README
¶
gonn — Neural Networks in Pure Go
A fully-featured feedforward neural network framework built from scratch in Go. No ML libraries, no external dependencies — just pure Go.
Features
- Fully configurable architecture — any depth, any width, per-layer settings
- 7 optimizers — SGD, Momentum, EMA Momentum, Nesterov, RMSProp, Adam, AdamW
- 4 activation functions — ReLU, Sigmoid, Tanh, Softmax
- 2 loss functions — Mean Squared Error, Categorical Cross-Entropy (auto-selected)

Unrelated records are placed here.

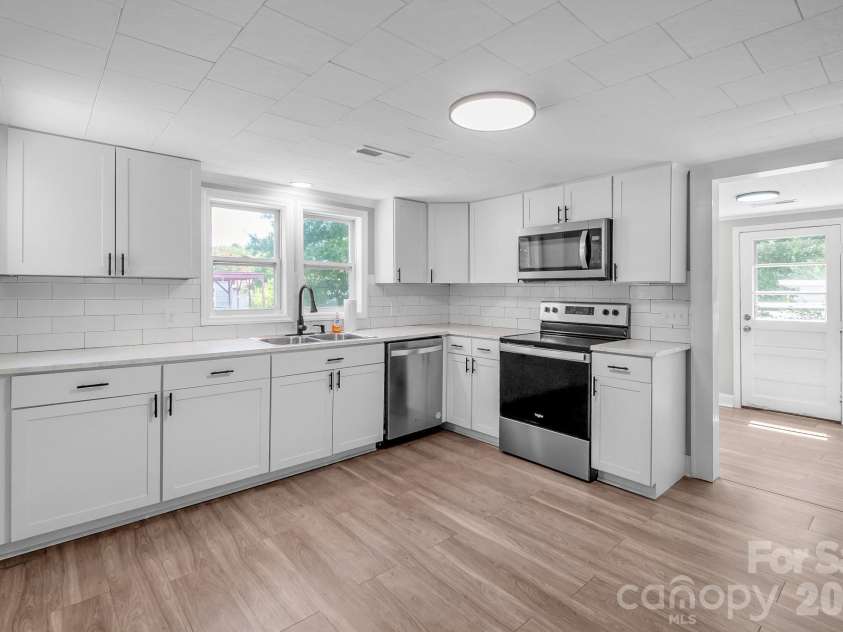 514 Olive Branch Street, Marshville, NC 28103.  MLS# CAR4372177, YatesRealty ID 37428. Beautifully Updated Kitchen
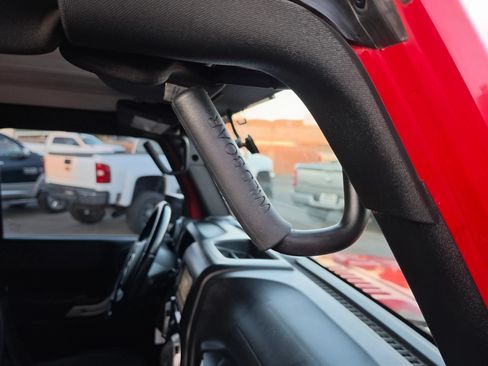 Used 2018 Jeep Wrangler Unlimited Sahara AWD/4WD image 27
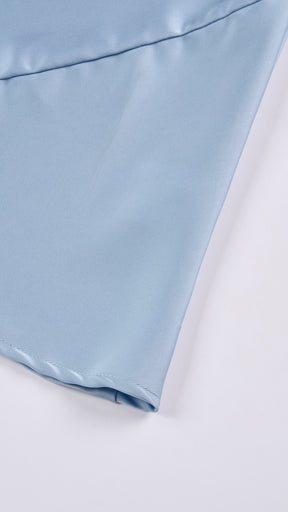 Abito lungo elegante senza maniche con scollo a collo drappeggiato e dettaglio a fibbia, in tessuto fluido, per cerimonie e occasioni speciali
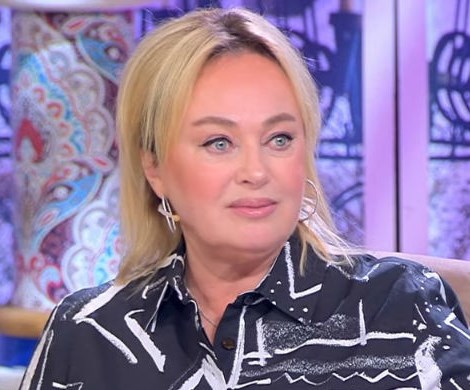 «Я себя резала»: Лариса Гузеева рассказала о своем состоянии после смерти матери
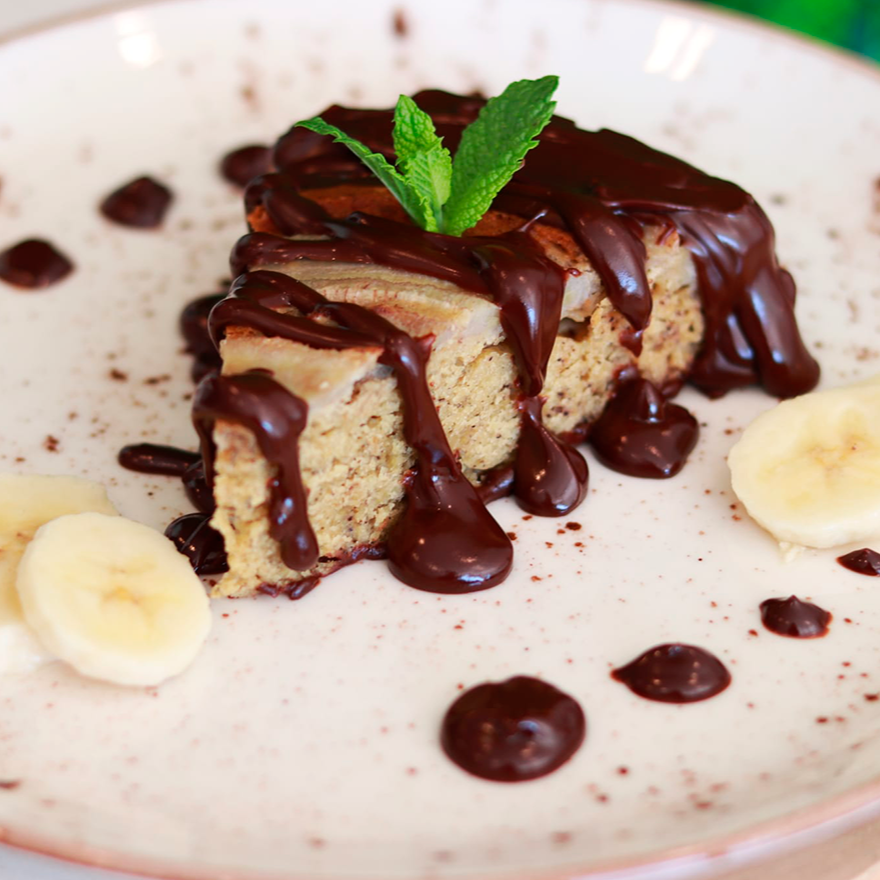 Bolo de Banana com ganache de chocolate negro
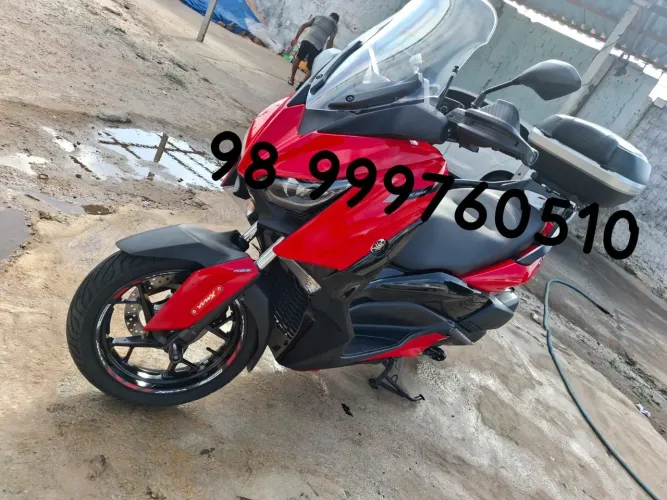 Xmax 250 cc com apenas 2.750 km rodados apenas R$ 27.000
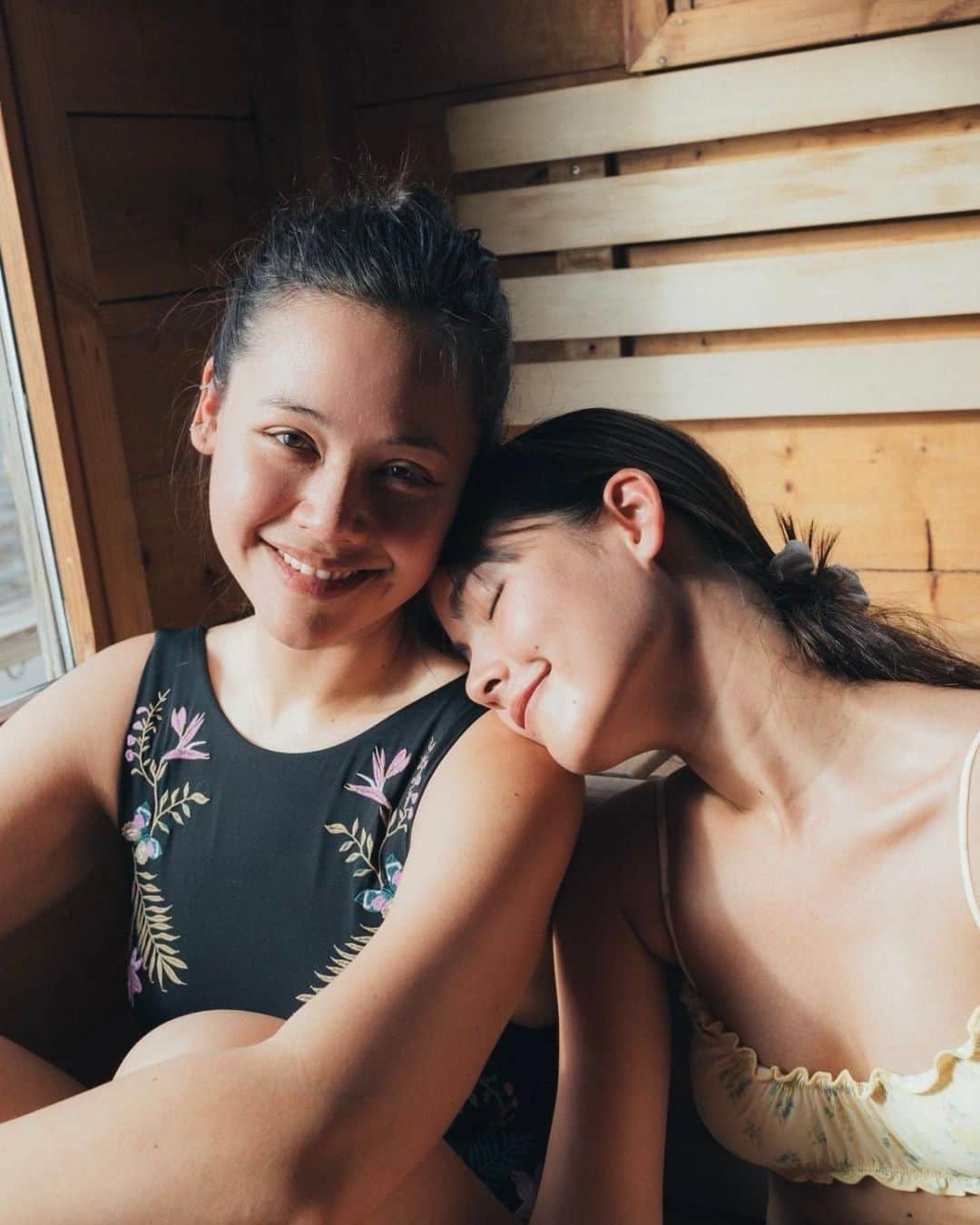 ウッラサヤー・セパーバンのインスタグラム：「It’s P Cat’s day today, well everyday really cuz she’s the best. And she’s also the best blessing I’ve ever been given in life. Ur lil sis loves you 💓👯‍♀️ Happy birthdayyyyy carcar」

- 4 weight initializers — Xavier Uniform/Normal, Kaiming Uniform/Normal (per-layer)
- Dropout regularization — inverted dropout with per-layer configurable rates
- Early stopping — halts training on validation plateau, restores best weights
- ReduceLROnPlateau — automatically reduces learning rate when validation loss stalls
- Weight decay — L2 regularization (SGD/Momentum/RMSProp) and decoupled decay (AdamW)
- Mini-batch training — with per-epoch dataset shuffling and progress bar
- Weight save/load — binary serialization via
encoding/gob - CSV data loader — with header support, label one-hot encoding, and feature scaling
- Dataset splitting — with or without shuffling
- Per-epoch validation — loss reporting on a held-out set
Installation
go get github.com/ThakurMayank5/gonn
Quick Start
import (
activ "github.com/ThakurMayank5/gonn/activation"
"github.com/ThakurMayank5/gonn/dataloader"
"github.com/ThakurMayank5/gonn/dataset"
nn "github.com/ThakurMayank5/gonn/neuralnetwork"
)
1. Define a Model
model := nn.Model{
NeuralNetwork: nn.NeuralNetwork{
InputLayer: nn.InputLayer{Neurons: 784},
Layers: []nn.Layer{
{
Neurons: 256,
ActivationFunction: activ.ReLU,
Initialization: nn.KaimingNormalInitializer,
DropoutRate: 0.3,
},
{
Neurons: 128,
ActivationFunction: activ.ReLU,
Initialization: nn.KaimingNormalInitializer,
DropoutRate: 0.3,
},
{
Neurons: 64,
ActivationFunction: activ.ReLU,
Initialization: nn.KaimingNormalInitializer,
DropoutRate: 0.2,
},
},
OutputLayer: nn.OutputLayer{
Neurons: 10,
ActivationFunction: activ.Softmax,
Initialization: nn.KaimingNormalInitializer,
},
},
TrainingConfig: nn.TrainingConfig{
Epochs: 30,
LearningRate: 0.001,
Optimizer: nn.ADAMW,
Beta1: 0.9,
Beta2: 0.999,
Epsilon: 1e-8,
WeightDecay: 0.0001,
LossFunction: "categorical_crossentropy",
BatchSize: 64,
// LR Scheduler
ReduceOnPlateau: true,
LRFactor: 0.5,
LRPatience: 3,
MinLR: 1e-6,
// Early Stopping
EarlyStopping: true,
EarlyStoppingPatience: 5,
},
}
2. Initialize Weights
err := model.InitializeWeights()
if err != nil {
log.Fatal(err)
}
3. Load Data
cfg := dataset.CSVConfig{
HasHeader: true,
InputColumns: pixelCols, // []int of column indices
HasLabelColumn: true,
LabelColumn: 0,
NumClasses: 10,
Delimiter: ',',
Scaling: dataset.MinMaxNormalize,
}
train, _ := dataloader.FromCSV("train.csv", cfg)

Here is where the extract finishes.